From: ben.dooks@codethink.co.uk (Ben Dooks)
To: linux-arm-kernel@lists.infradead.org
Subject: updates for be8 patch series
Date: Wed, 24 Jul 2013 11:46:44 +0100 [thread overview]
Message-ID: <51EFB094.3050002@codethink.co.uk> (raw)
In-Reply-To: <CAA3XUr31LAJ3+iWq5gXb+JZO-1G96waOFy-RBVZQEW-djj3dYA@mail.gmail.com>
On 24/07/13 02:06, Victor Kamensky wrote:
> Hi Ben,
>
> Let me split off atomic64 from other issues, so we have focused topic here.
>
> Please see atomic64 issue test case below. Please try it in your setup.
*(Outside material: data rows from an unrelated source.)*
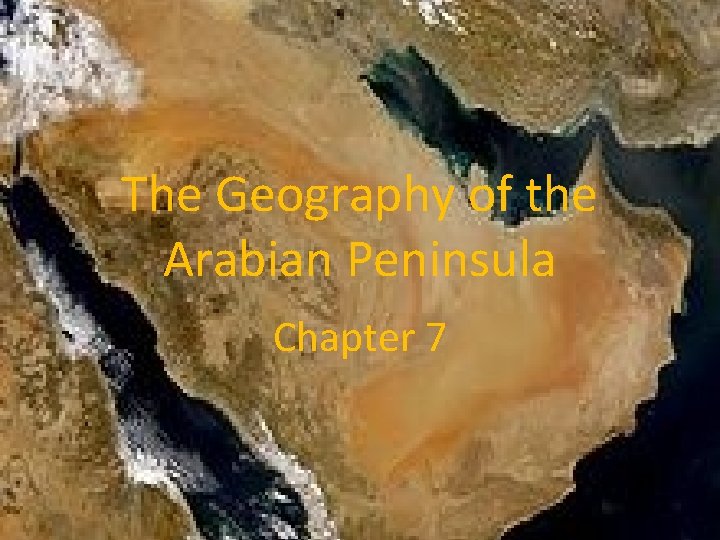 The Geography of the Arabian Peninsula Chapter 7 
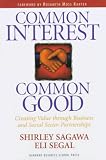 Common Interest, Common Good: Creating Value Through Business and Social Sector Partnerships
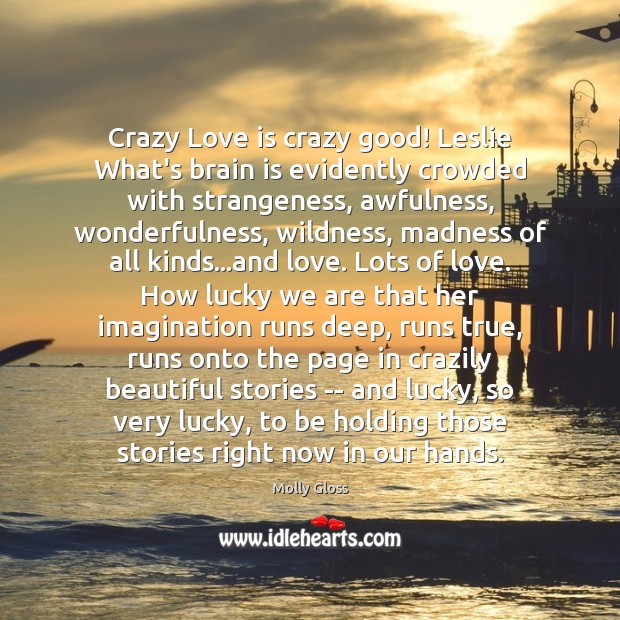 Crazy Love is crazy good! Leslie What’s brain is evidently crowded with Molly Gloss Picture Quote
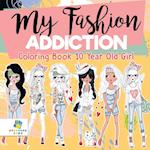 My Fashion Addiction | Coloring Book 10 Year Old Girl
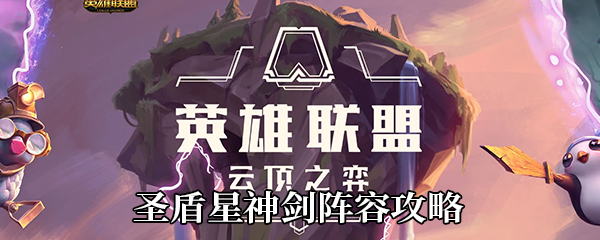 云顶之弈10.14圣盾星神剑如何玩-圣盾星神剑阵容玩法攻略 云顶之弈10.14圣盾星神剑如何玩-圣盾星神剑阵容玩法攻略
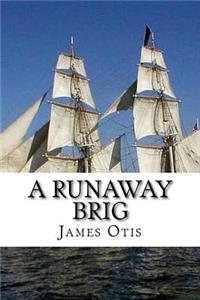 A Runaway Brig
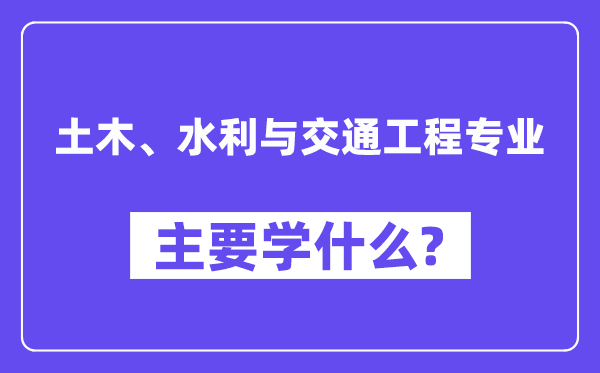 土木、水利與交通工程專業主要學什么？附土木、水利與交通工程專業課程目錄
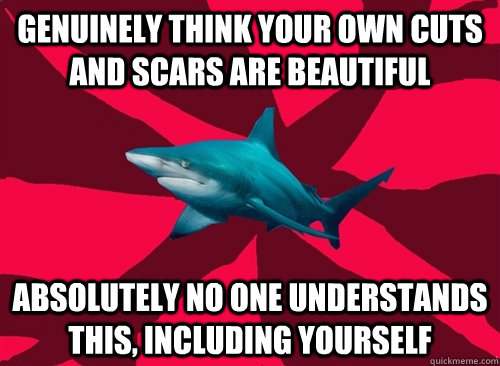 genuinely think your own cuts and scars are beautiful absolutely no one understands this, including yourself  Self-Injury Shark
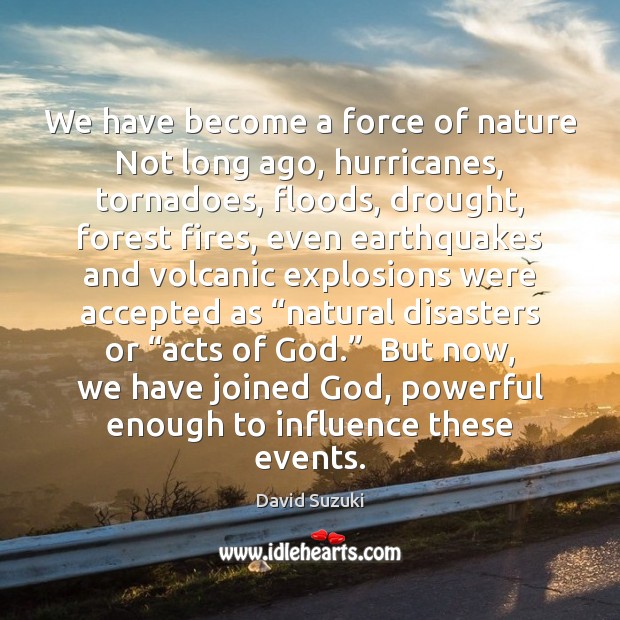 We have become a force of nature Not long ago, hurricanes, tornadoes, David Suzuki Picture Quote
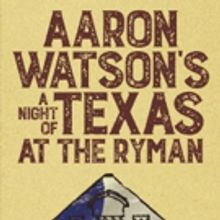 Aaron Watson Returns to the Ryman Auditorium with Rodney Clawson, Liz Rose, and Tom…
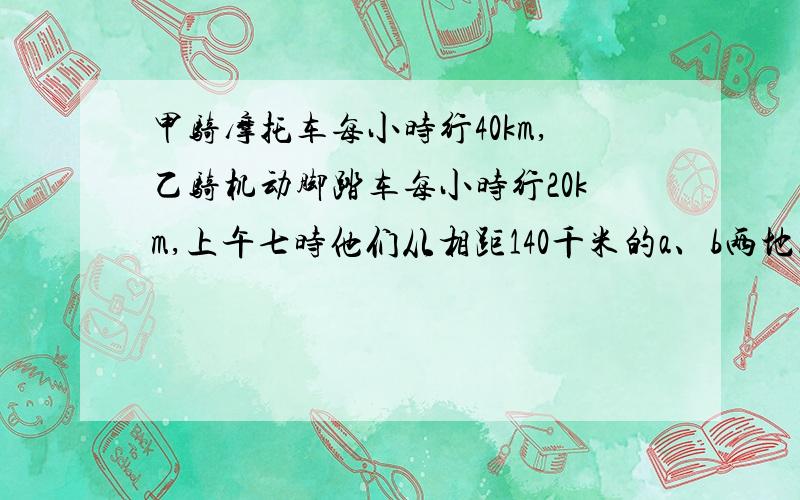 甲骑摩托车每小时行40km,乙骑机动脚踏车每小时行20km,上午七时他们从相距140千米的a、b两地同时出发相向而行,在什么时候他们相距20千米?同向而行,在什么时候他们相距20千米?,用一元一次方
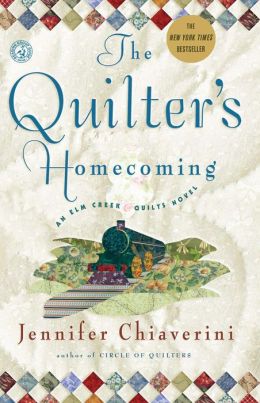 The Quilter's Homecoming (Elm Creek Quilts Series, Book 10) Jennifer Chiaverini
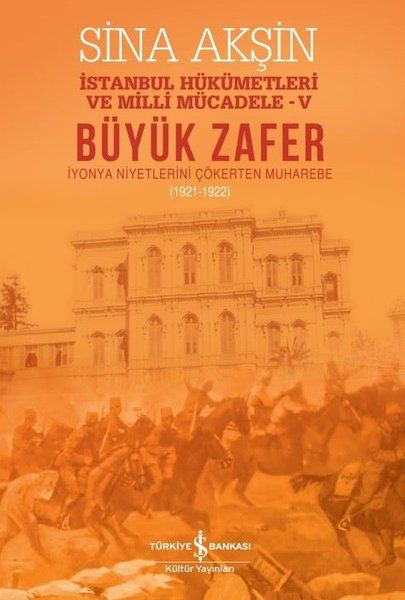 Büyük Zafer İstanbul Hükümetleri ve Milli Mücadele  V 19211922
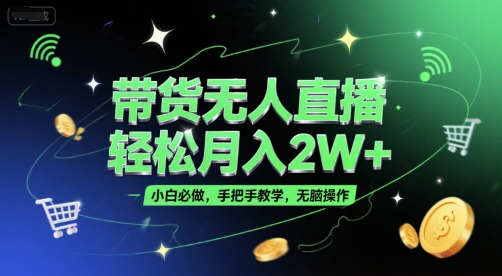 带货无人直播，轻松月入2W+，小白必做，手把手教学，无脑操作(附学习资料)-朽念云创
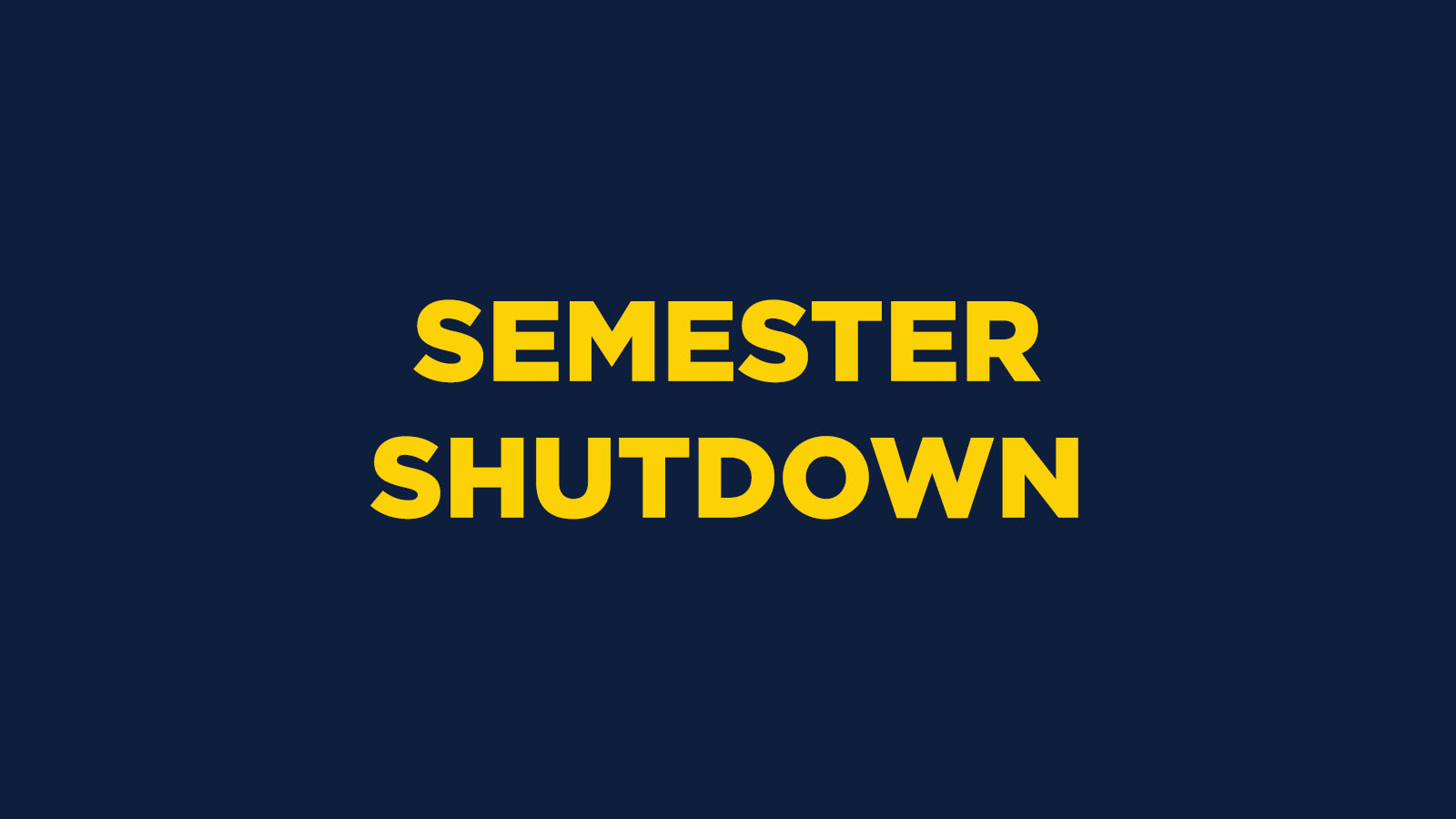 Semester Shutdown
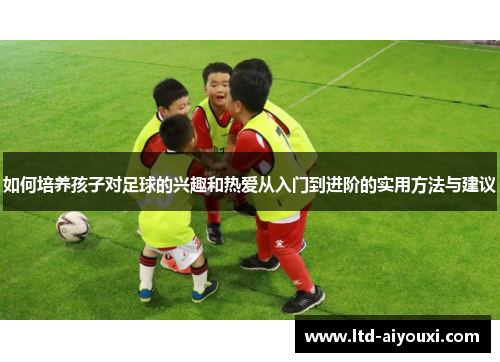 如何培养孩子对足球的兴趣和热爱从入门到进阶的实用方法与建议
I've
> run on Pandaboard ES with my set of patches, but I believe it should be the
> same in your case.
>
> <snip>
>
>>> Index: linux-linaro-tracking/arch/arm/include/asm/atomic.h
>>> ===================================================================
>>> --- linux-linaro-tracking.orig/arch/arm/include/asm/atomic.h
>>> +++ linux-linaro-tracking/arch/arm/include/asm/atomic.h
>>> @@ -301,8 +301,13 @@ static inline void atomic64_add(u64 i, a
>>>
>>> __asm__ __volatile__("@ atomic64_add\n"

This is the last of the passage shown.